SIerとともにGoogleの最新技術を日本企業へ――、平手智行代表が目指すグーグル・クラウドの姿を聞く

インダストリーに対するアプローチを強化

――エンタープライズ向けの組織体制の強化はどんな形で進めますか。

 これからは、インダストリーに対するアプローチを強化していきたいと考えています。そのためには、私たちの組織がもっと業種に特化した形になり、お客さまの業界と同じ言葉をしゃべり、業界特有のレギュレーションを理解し、業界の課題や変化も理解し、それをもとにして、ソリューションを提供できるようにしたいと思っています。これまでにもインダストリー別の体制というのはありましたが、2020年1月から、日本でも本格的にやっていくことになります。

――すでに米本社でもその体制を敷いていますね。

 米本社では、リテール、ヘルスケア、製造、ファイナンス、パブリック、テレコミュニケーションといった6つのインダストリーにフォーカスした体制を敷いています。日本でも、これに準じたものとしますが、自動車業界など、日本の産業構造や日本のお客さまの状況にあわせたインダストリー別体制を整えていくつもりです。

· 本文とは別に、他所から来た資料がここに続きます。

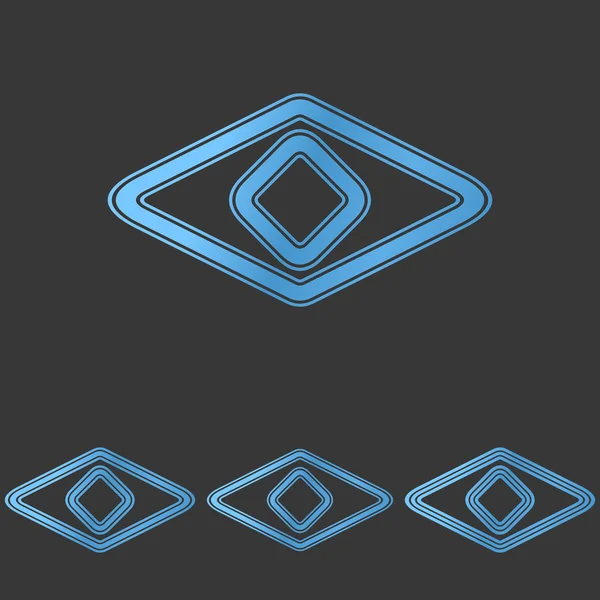 Linha azul logotipo do olho conjunto de design — Vetor de Stock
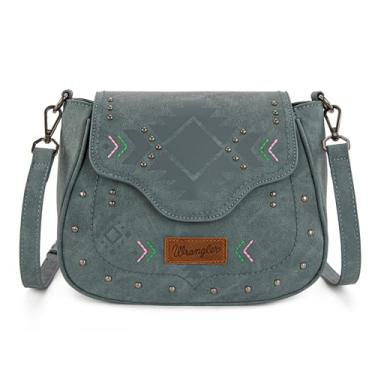 Imagem de Bolsa tiracolo feminina Wrangler Western com aba de designer, Jeans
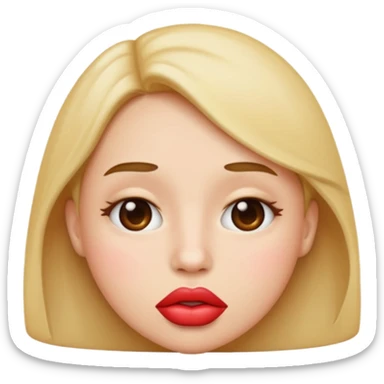 Blowing a kiss regular emoji face sticker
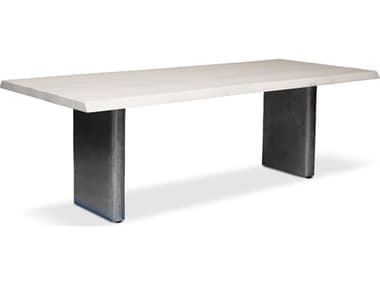 Urbia Brooks Dining Table Cast Slab Base White Wash Top Antique Nickel Base URBILBRODT092WW0605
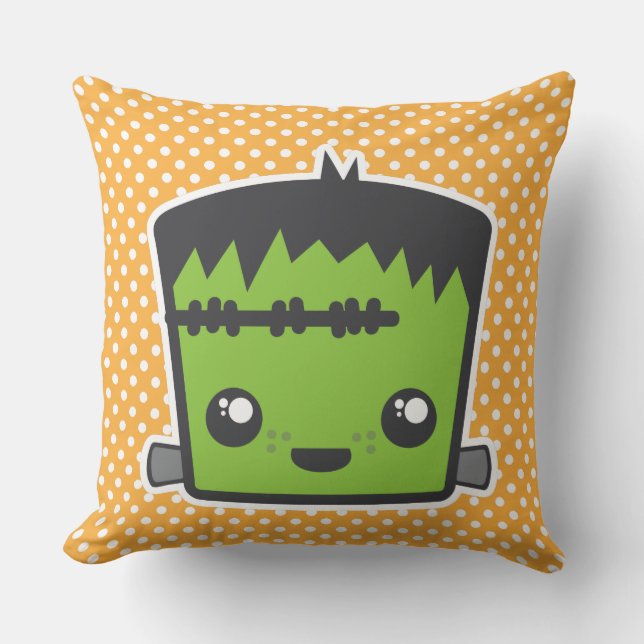 Kawaii Frankenstein Throw Pillow (Front)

 インダストリーごとに異なるペインポイントをとらえた提案を、パートナーとともに推進していきます。また、SAPやOracle、VMwareといったソリューション別、ワークロード別の体制も強化していくつもりです。

 日本のお客さまのさまざまな要望に対して、誰がどう対応していくのかということを明確にできるマトリクスの体制で進めていくことになります。

データプライバシーを重視していく

 実は、もうひとつエンタープライズ事業を強化する上で、重視しなくてはならないと思っているものがあります。

――それはなんですか。

 データプライバシーです。Googleは、データのプライバシーに関して、明確な方針を示しています。Googleの方針は、お客さまのデータはお客さまのものであり、お客さまがすべてのデータを管理するものとし、Goggleはコンピュータ技術を駆使して、データを処理するという役割を担い、お客さまのデータを自らの研究や製品開発に使うことは一切ありません。そして、契約書は日本語化しており、お客さまに理解しやすい形で、お客さまのデータが守られることをしっかりと担保しています。

 また万が一、第三者の誰かがお客さまのデータにアクセスしようとした場合には、それをリアルタイムで記録して、お客さまに通知する仕組みを採用しています。システム運用において、外部のパートナー企業と連携する場合にも、誰がデータにアクセスしたのかということを、お客さま自身で管理できるようになっています。

 さらに、GoogleのCloud Security Command Centerでは、監視ツールや不正や脅威から防御するツールを用意し、これをお客さまがいつでも使えるようにしています

 ただ、こうしたことがエンタープライズユーザーにはまだ理解されていないという反省があります。どちらかというと、GoogleはOSSで立ち上がってきた経緯がありますから、信頼性や堅牢性、データ保護といった点で不安を持っているエンタープライズユーザーが多いというのも事実です。

 30年以上に渡って、エンタープライズシステムにかかわってきた立場から、Google Cloudは、安心してエンタープライズ領域で利用をしてもらえる技術と、データをしっかりと守る環境を提供している企業であることを、私は伝えていきたいと思っています。